Again, what is distinguishable between the facts of this case and that before Kirby J is that there has been no reference whatsoever by the wife to her legal advice, what advice was sought, what advice was given or what reliance or rejection followed. All she has asserted in paragraph 9 of her Affidavit is that the assertion made by her firm of attorneys was without her authority and/or inconsistent with or absent her instruction.
As regards all of the above matters, I have particular assistance from the High Court’s decision in Expense Reduction Analysts Group Proprietary Limited & Armstrong Strategic Managing and Marketing (2013) 303 ALR 199.

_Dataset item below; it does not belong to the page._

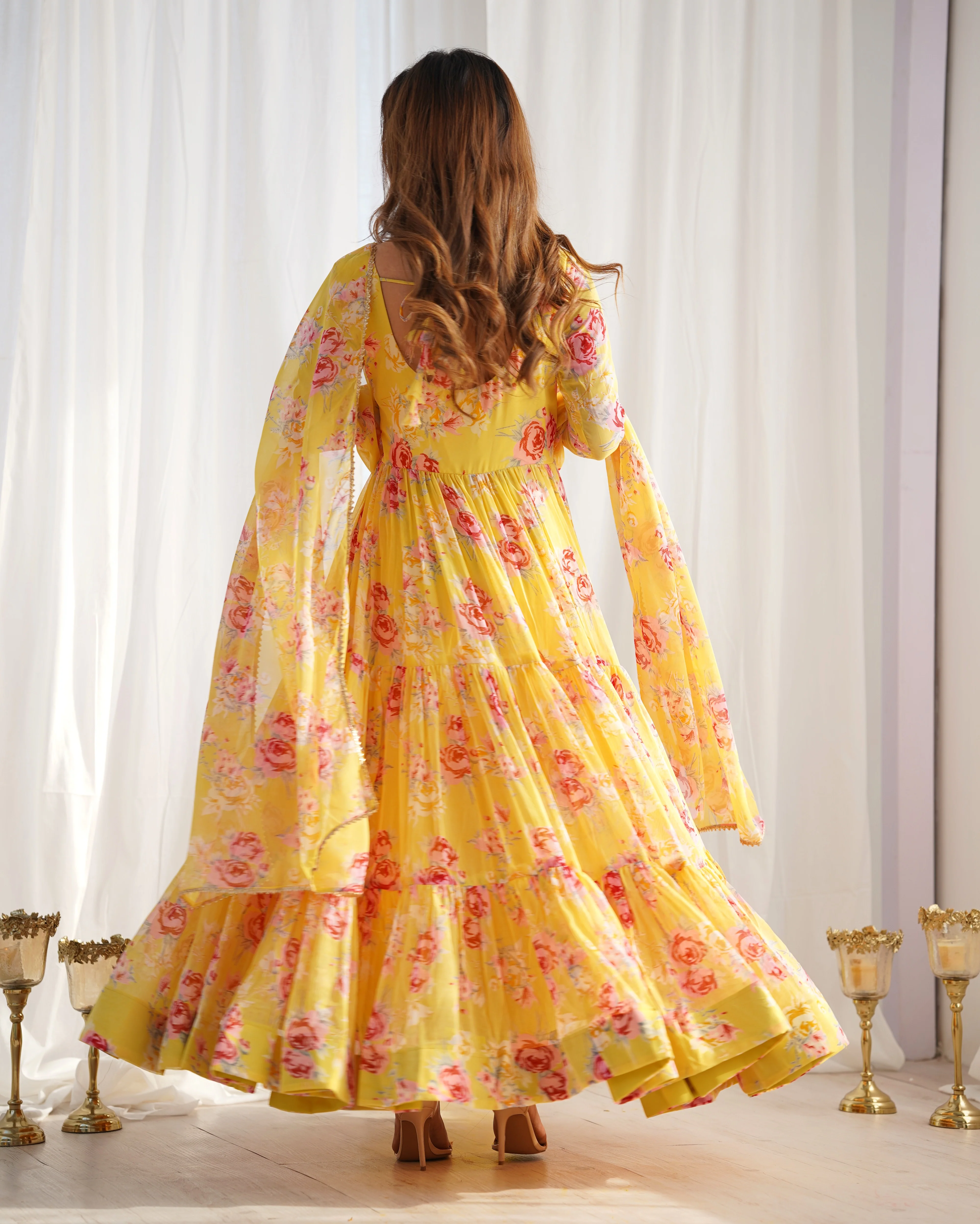 Digitally Printed Pure Soft Faux Georgette Anarkali Suit With Huge Flair Comes With Duppatta & Pant-YELLOW - Image 7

Whilst that is a case dealing with disclosure and discovery rather than inspection of material produced on subpoena, it has some particular guidance for me. That case dealt with documents which had been inadvertently produced for discovery by a firm of lawyers. Indeed, to paraphrase the factual matrix of that matter:
a)Documents were produced;
b)Upon production, it was realised by those inspecting the material, that documents which could properly be arguable to be protected by legal professional privilege had been produced;
c)That advice was relayed to the producing lawyers;
d)The producing lawyers sought the return of the documents;
e)The inspector refused to return them.
Thus followed a banquet of litigation at first instance, on appeal and subsequently before the High Court. What was made clear in that regard, and dealing again with the issue of inconsistency, was stated at paragraphs 15 and 16:
These beliefs – [the forming of a belief the material was covered by privilege] –are inconsistent with the reviewers having formed an intention not to claim privilege. Further, to form such an intention would have been contrary to their clients’ instructions ... [I]f the documents had been disclosed inadvertently, privilege would not have been waived. Conversely, her Honour’s view was that, absent a finding of mistake, disclosure would amount to a waiver of the privilege not to produce them.

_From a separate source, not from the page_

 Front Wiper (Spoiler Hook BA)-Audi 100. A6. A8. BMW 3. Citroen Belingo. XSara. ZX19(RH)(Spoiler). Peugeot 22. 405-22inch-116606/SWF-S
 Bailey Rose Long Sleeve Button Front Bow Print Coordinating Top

Their Honours constituting the High Court expressly found that the inadvertent disclosure did not waive privilege. Importantly, the role of mistake in their Honour’s deliberations is significant.
In this case, that is the very issue at the heart of the wife’s position. She asserts that a mistake of fact occurred through the absence of instruction or misunderstanding of her instruction to her then attorneys, who wrote without or contrary to her instruction, to make what appears and is asserted in the husband’s submissions to be an admission. I do not accept that this is so. The error of fact asserted by the wife, I am satisfied, does not amount to or constitute an express or implied waiver of her right to legal professional privilege.
The High Court in the above decision referred extensively to Guinness Peat Properties Limited & Fitzroy Robinson Partnership (a firm) [1987] 1 WLR 1027, wherein Campbell JA noted three principles that might be applied where a privileged document is mistakenly included. I hasten to add that, in this case, a privileged document has not been disclosed but what would otherwise potentially be ‘privileged information’ has been. Disclosure in the terms of annexure B, the correspondence from the former attorneys suggested to have been sent without or in mistake of instruction, thus would constitute something analogous thereto.
Campbell JA continued that, where a privileged document is mistakenly included, principles could be summarised as follows:
(1)where a document is mistakenly included by a party, the court will ordinarily permit that party to amend its List of Documents, under the rules of court, at any time prior to inspection;
(2)generally it is too late to correct the mistake by injunctive relief once another party has inspected the documents;
(3)injunctive relief may otherwise issue:
(a)where inspection has been procured by fraud or
(b)where, on inspection, the other party or that party’s solicitor realised that the document was made available for inspection as a result of an obvious mistake.
I do not suggest that the husband or his attorneys could have possibly formed a reasonable apprehension that a mistake had been made by the wife’s former attorneys. However, those principles all speak to a pragmatic and common sense approach being adopted towards the issue.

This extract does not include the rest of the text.